___ Exercise data
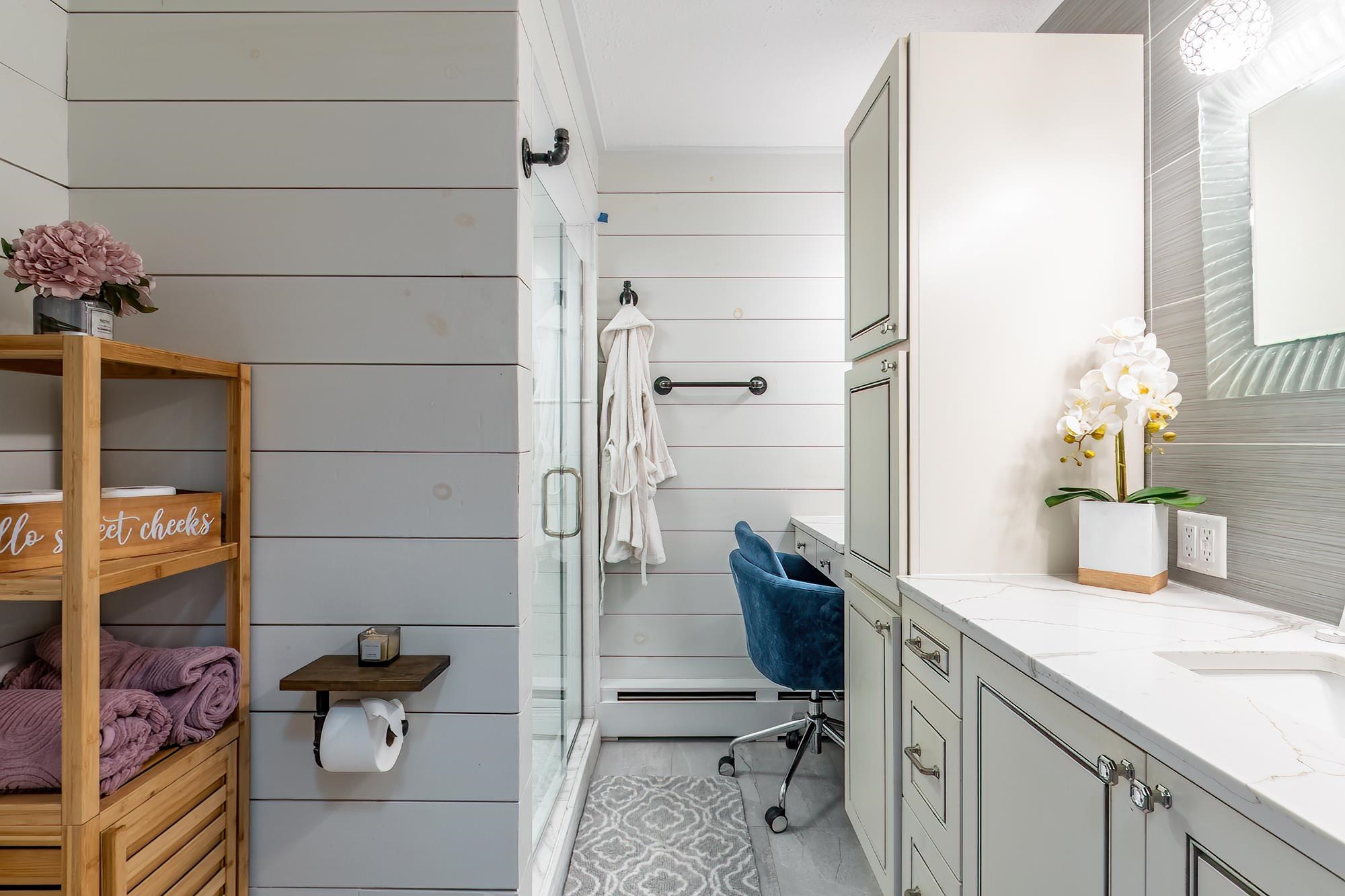 Bathroom featuring white shiplap walls, a glass-enclosed shower, a vanity with a white countertop and integrated sink, and built-in cabinetry
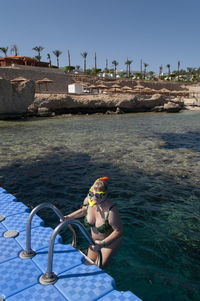 Plump girl in a green swimsuit and a swimming mask, dives and swims in the sea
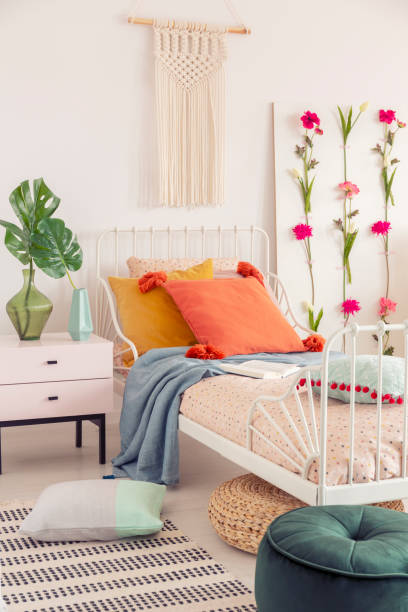 istock White handmade macrame above above single metal bed with colorful pillows and patterned duvet, real photo 1091272258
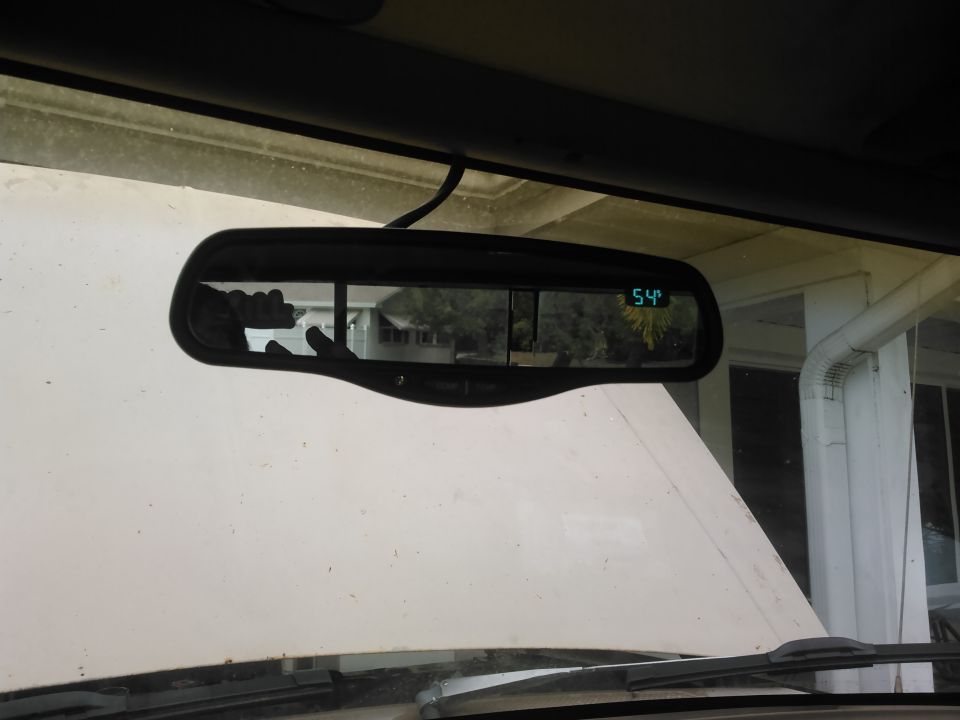 the rear view mirror showing temperature outside. for being in Florida its pretty chilly outside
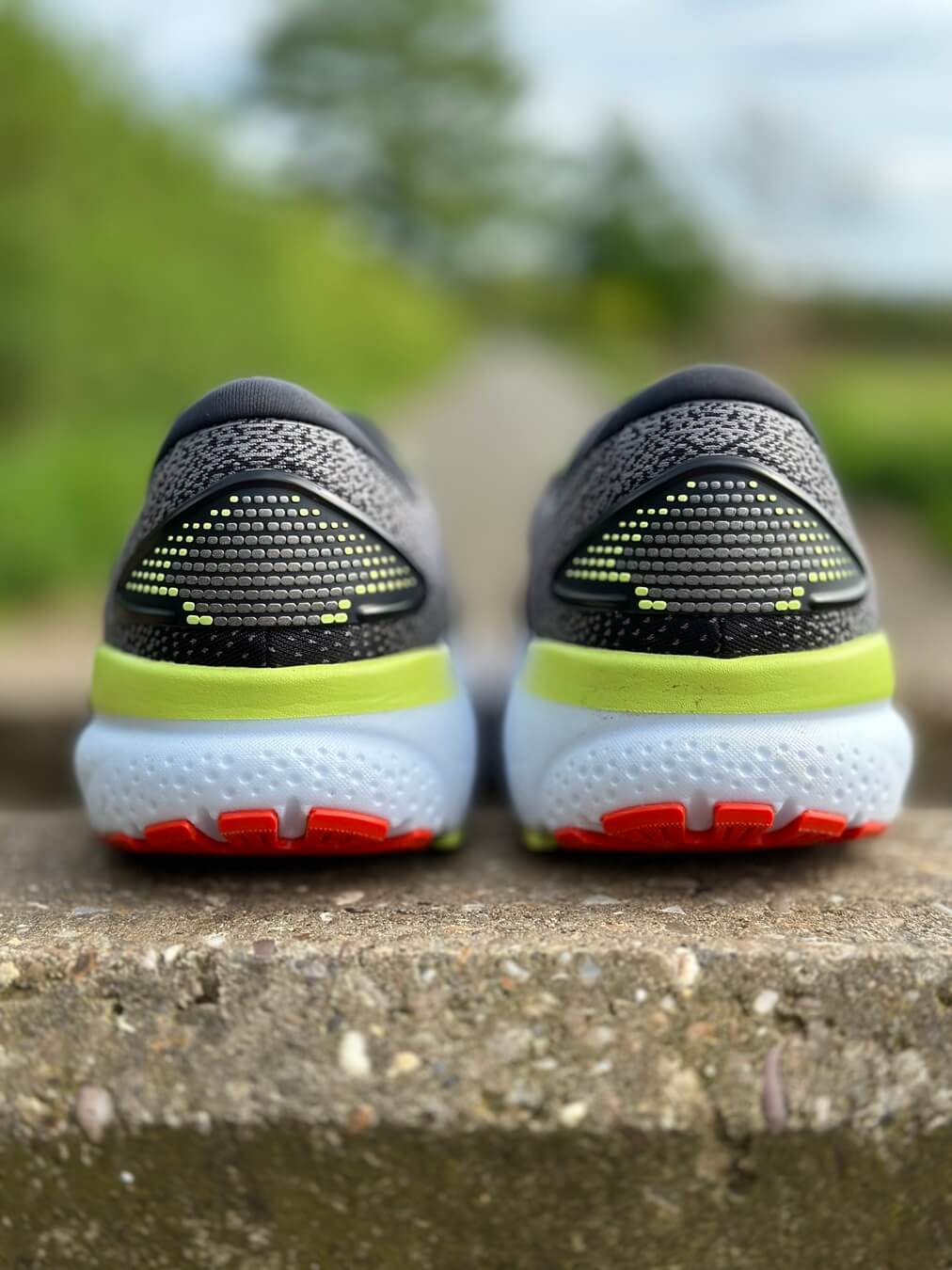 Heel/rear view of pair of running shoes sitting on a wall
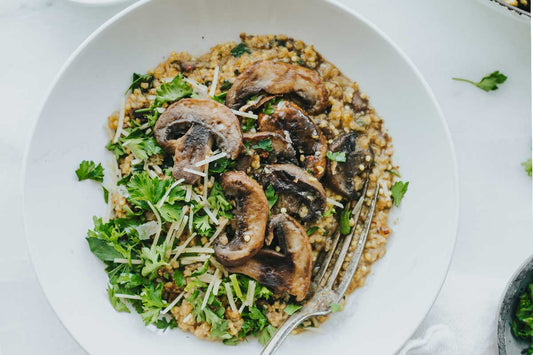 A white plate with buckwheat and mushroom risotto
______
> **What is expected**:
Copy exactly, and copy nothing else: the lines from the one containing "istock White handmade" through the end of the data, both ends included, with pictures left out.

> **Your solution**:
 istock White handmade macrame above above single metal bed with colorful pillows and patterned duvet, real photo 1091272258
 the rear view mirror showing temperature outside. for being in Florida its pretty chilly outside
 Heel/rear view of pair of running shoes sitting on a wall
 A white plate with buckwheat and mushroom risotto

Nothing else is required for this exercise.